2. Description of the Related Art
Although a popular type of oil-flooded screw compressor is driven by a male rotor, an oil-flooded screw compressor driven by a female rotor to obtain a large number of revolutions is also well known. In the oil-flooded screw compressor, about 90% of input power is consumed by the male rotor and the remainder, about 10%, is consumed by the female rotor. Accordingly, in the oil-flooded screw compressor driven by the male rotor, 10% of input power is transmitted from the male rotor to the female rotor at a contact portion between tooth surfaces of the male and female rotors.

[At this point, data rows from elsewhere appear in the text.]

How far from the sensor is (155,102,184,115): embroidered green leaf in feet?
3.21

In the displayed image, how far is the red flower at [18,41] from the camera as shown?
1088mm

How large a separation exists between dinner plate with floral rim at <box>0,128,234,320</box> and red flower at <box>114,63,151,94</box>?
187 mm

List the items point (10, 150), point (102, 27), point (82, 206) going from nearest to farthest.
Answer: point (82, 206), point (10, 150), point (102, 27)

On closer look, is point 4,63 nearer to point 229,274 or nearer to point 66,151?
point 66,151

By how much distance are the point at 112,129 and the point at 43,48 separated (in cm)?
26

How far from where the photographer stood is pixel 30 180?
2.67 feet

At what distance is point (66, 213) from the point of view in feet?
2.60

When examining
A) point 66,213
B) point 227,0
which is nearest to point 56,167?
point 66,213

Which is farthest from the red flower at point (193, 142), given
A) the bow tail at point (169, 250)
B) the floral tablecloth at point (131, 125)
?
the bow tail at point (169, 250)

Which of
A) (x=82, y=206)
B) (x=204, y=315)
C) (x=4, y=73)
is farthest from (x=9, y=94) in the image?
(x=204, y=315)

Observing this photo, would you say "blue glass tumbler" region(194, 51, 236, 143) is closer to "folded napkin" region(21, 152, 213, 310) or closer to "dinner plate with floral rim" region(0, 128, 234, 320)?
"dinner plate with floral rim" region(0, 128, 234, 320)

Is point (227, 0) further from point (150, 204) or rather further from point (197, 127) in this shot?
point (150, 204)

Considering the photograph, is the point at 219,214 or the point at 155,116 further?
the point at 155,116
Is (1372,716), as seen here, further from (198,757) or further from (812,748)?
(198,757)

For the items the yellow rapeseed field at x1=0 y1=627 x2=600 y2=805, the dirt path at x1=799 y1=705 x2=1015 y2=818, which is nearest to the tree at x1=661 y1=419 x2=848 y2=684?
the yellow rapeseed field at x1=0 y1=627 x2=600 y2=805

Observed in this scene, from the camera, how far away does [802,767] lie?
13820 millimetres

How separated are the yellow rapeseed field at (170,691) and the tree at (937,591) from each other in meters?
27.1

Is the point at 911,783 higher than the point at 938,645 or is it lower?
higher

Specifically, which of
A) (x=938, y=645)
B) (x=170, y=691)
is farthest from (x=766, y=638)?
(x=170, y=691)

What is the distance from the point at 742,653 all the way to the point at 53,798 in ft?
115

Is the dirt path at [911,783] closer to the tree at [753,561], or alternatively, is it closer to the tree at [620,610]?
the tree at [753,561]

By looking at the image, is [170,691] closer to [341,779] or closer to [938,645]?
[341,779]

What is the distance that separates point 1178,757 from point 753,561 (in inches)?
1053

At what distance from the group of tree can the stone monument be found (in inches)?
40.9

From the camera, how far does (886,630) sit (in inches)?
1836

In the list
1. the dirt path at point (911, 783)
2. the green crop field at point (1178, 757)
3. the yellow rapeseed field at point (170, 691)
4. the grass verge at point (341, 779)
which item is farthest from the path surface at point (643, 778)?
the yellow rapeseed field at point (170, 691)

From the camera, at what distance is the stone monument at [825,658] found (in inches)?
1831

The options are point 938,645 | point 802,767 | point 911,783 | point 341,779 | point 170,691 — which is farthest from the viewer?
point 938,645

On the other hand, in the oil-flooded screw compressor driven by the female rotor, 90% of input power is transmitted from the female rotor to the male rotor at the contact portion. Therefore, much contact stress, what is called, Hertz stress acts on the contact portion, which causes pitting if the area of the contact portion is small. As is well known, when a convex tooth surface and a concave tooth surface are in contact with each other, the Hertz stress is proportional to the square root of the difference between the reciprocals of radii of curvature of the tooth surfaces. Therefore, the oil-flooded screw compressor driven by the female rotor is particularly required to minimize the Hertz stress at the contact portion, and it is important that the rotor tooth surfaces at the contact portion be equal in curvature. When the curvatures are equal, no Hertz stress arises, which makes it possible to prevent pitting.

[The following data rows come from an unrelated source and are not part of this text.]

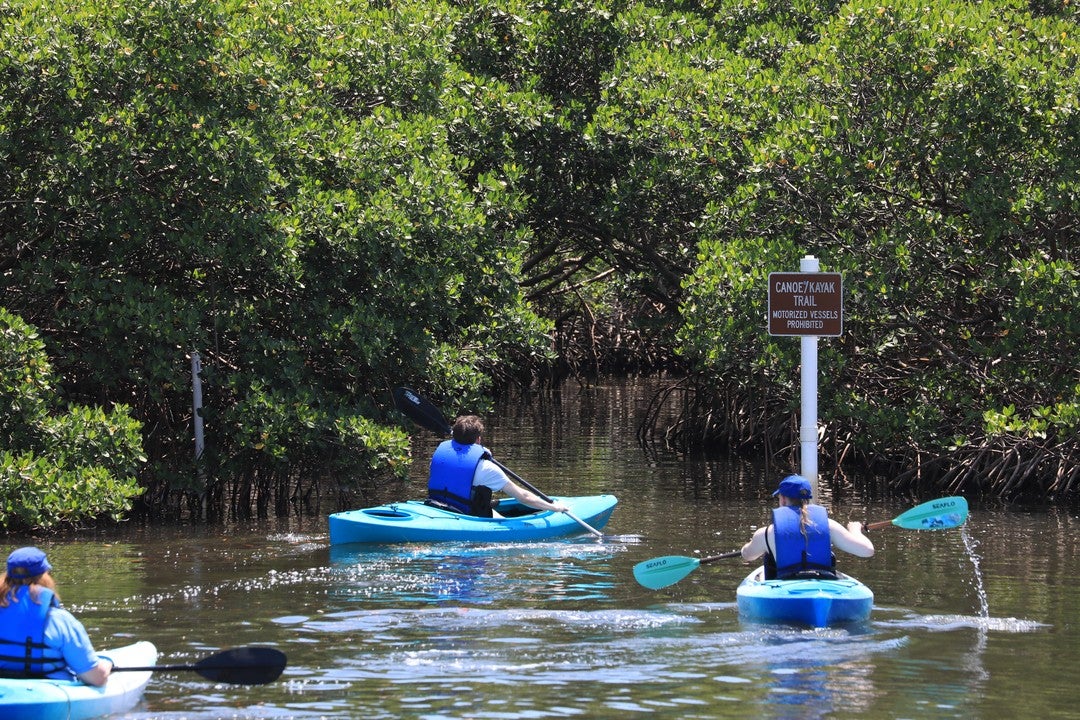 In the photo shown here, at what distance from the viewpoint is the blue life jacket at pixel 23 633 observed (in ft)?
22.6

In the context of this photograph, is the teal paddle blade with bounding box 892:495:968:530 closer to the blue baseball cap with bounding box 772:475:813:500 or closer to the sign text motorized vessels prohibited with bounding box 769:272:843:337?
the sign text motorized vessels prohibited with bounding box 769:272:843:337

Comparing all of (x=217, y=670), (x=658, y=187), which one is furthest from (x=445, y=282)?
(x=217, y=670)

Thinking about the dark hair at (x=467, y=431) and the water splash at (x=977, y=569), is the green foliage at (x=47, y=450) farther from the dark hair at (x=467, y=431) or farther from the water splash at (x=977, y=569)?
the water splash at (x=977, y=569)

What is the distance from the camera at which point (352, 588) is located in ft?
33.3

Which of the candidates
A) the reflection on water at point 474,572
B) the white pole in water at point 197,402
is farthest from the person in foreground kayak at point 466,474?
the white pole in water at point 197,402

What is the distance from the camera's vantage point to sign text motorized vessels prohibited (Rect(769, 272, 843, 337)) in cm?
1099

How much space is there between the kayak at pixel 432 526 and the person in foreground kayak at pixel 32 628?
479 centimetres

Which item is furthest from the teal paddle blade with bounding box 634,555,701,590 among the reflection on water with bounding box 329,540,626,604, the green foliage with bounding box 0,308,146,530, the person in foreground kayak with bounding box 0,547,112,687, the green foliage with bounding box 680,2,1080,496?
the green foliage with bounding box 680,2,1080,496

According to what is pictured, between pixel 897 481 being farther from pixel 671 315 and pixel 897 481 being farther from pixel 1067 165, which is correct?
pixel 671 315

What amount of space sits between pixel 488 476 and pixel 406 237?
2.45 meters

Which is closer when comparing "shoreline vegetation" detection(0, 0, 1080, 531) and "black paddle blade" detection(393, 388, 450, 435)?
"shoreline vegetation" detection(0, 0, 1080, 531)

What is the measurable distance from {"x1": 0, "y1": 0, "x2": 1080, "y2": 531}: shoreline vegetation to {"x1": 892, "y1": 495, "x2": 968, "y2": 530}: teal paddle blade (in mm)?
3036

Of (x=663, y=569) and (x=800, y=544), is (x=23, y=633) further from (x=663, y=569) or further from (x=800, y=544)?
(x=800, y=544)

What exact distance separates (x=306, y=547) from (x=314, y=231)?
2871 mm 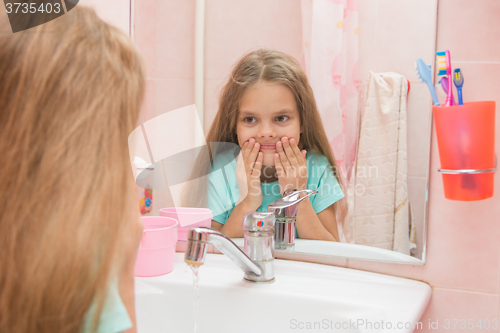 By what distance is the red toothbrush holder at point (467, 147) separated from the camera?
60 cm

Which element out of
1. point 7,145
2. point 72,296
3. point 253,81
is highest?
point 253,81

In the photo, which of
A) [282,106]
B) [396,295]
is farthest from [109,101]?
[396,295]

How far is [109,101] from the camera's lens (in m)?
0.34

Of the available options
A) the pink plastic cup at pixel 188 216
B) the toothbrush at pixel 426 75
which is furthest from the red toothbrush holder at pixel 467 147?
the pink plastic cup at pixel 188 216

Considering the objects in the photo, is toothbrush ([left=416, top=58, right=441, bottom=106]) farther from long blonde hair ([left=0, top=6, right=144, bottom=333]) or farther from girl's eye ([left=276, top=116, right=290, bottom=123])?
long blonde hair ([left=0, top=6, right=144, bottom=333])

Japanese Unexamined Patent Publication No. 60-153486 discloses a screw rotor in which tooth surfaces at a contact portion are equal in curvature. In this screw rotor, the contact portion is shaped like an arc whose center is located on a pitch circle. FIG. 4 shows this screw rotor. A tooth surface enclosed by a circle X is shaped like an arc having the center at a point O on the pitch circle. FIGS. 5 and 6 are enlarged views of the circle X shown in FIG. 4. In FIGS. 4, 5 and 6, M denotes a male rotor, F denotes a female rotor, and P.sub.M and P.sub.F denote pitch circles of the male rotor M and the female rotor F, respectively.
In this screw rotor, if the center distance between the male and female rotors M and F has no error as designed, the male and female rotors M and F are in uniform planar contact with each other over a wide range as shown in FIG. 5. It is actually impossible, however, to reduce the error to zero. If the center distance is not equal to the designed value, the rotors at the contact portion are in local contact, which is shown as point contact in radial section, as shown by the arrow Y in FIG. 6.
Therefore, in the case of the screw compressor driven by the female rotor, pitting of the screw rotor is inevitable in actuality.